**PROBLEM DETAILS:**
Among the lines of the records below, copy those that hold the word "para".
━━━
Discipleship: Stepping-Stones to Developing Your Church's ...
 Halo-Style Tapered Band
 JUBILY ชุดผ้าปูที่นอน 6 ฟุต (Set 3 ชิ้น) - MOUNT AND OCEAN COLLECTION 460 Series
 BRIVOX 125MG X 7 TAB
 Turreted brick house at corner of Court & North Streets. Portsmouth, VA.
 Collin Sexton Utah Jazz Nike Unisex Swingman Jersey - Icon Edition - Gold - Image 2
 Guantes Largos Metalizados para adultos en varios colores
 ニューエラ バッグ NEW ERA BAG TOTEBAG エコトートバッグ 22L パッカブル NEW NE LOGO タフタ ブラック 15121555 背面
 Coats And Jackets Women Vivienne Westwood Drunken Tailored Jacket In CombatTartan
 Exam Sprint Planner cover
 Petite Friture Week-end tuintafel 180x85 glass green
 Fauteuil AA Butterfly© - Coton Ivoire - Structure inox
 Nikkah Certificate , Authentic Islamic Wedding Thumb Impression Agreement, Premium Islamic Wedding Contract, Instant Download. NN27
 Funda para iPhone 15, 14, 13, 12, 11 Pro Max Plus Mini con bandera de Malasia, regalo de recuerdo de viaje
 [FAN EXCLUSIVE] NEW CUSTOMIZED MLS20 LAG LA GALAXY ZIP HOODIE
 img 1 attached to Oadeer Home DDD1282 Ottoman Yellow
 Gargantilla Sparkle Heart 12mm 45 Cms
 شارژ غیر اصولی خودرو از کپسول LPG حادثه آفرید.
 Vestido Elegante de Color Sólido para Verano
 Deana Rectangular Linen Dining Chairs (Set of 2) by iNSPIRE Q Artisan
━━━
**OUTPUT OF THE TASK:**
 Guantes Largos Metalizados para adultos en varios colores
 Funda para iPhone 15, 14, 13, 12, 11 Pro Max Plus Mini con bandera de Malasia, regalo de recuerdo de viaje
 Vestido Elegante de Color Sólido para Verano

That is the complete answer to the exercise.